Field Assistant, Kelly Ledford, continues excavation of Unit 3.

This unit started as a 2 x 2 m, and is now continuing excavation as a 1 x 2 m unit. We did this knowing there are no shell deposits in the eastern half of the unit — working on only the western portion will save us time. Kelly and her team (Pam Hoffman and Erin Floyd) will continue to excavate this until they reach the top of the shell deposits. We anticipate this to be in the next 20 cm or so. Then they will excavate a 1 m x 1 m column sample and bag every level (the same will be done for every unit that reaches the shell) — thus we will have a 100% sample of the shell deposits.

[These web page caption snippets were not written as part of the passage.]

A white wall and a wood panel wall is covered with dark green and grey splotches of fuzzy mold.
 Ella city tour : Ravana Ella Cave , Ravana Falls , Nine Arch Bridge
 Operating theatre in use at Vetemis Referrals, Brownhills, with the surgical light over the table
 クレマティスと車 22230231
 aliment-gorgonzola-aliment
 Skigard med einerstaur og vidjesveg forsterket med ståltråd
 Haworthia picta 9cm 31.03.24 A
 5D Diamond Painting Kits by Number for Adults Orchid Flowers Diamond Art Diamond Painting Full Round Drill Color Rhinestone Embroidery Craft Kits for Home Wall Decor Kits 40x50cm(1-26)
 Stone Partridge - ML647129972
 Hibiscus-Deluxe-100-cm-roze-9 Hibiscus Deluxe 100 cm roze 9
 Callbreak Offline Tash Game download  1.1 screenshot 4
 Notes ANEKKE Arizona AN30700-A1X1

The team working in Unit 7, located in the southernmost extent of the site no covered by trees and undergrowth, continues to excavate through mixed deposits of gravel/fill, historic trash (glass, metal cans, etc.), and prehistoric artifacts (pieces of rocks, a broken projectile point). We hope they will be through this debris tomorrow morning and into intact deposits. You might wonder how all these things got so mixed up. Dr. Peres thinks that some of this is junk left behind by a previous tenant (when it was a working farm), some is mixed up from plowing, and some is debris left behind when the flood waters receded in May 2010.

MTSU Anthropology majors (L to R): Wesley Vanosdall, Kate MicKinney, and Kyle Deitrick. Kyle perfects his shovel toss, Kate cleans up the unit walls, and Wesley screens for artifacts.

Along with continuing excavations in the units, Ryan Robinson  has returned to do continue his deep bucket auger testing program. With the assistance of two students, he is doing some additional deep auger tests.

Ryan Robinson instructs field school students Sean McKeighen and Karen Patterson in the fine art of augering and describing soils.

They encountered the expected shell deposits at about 120 cmbs (which is what we expected). Under this there is an interesting sand to soil composition, with the two alternating to a depth of over 5 meters.

We are almost to the halfway point of the field season and there is a lot more information left to recover so back to the trenches…or units!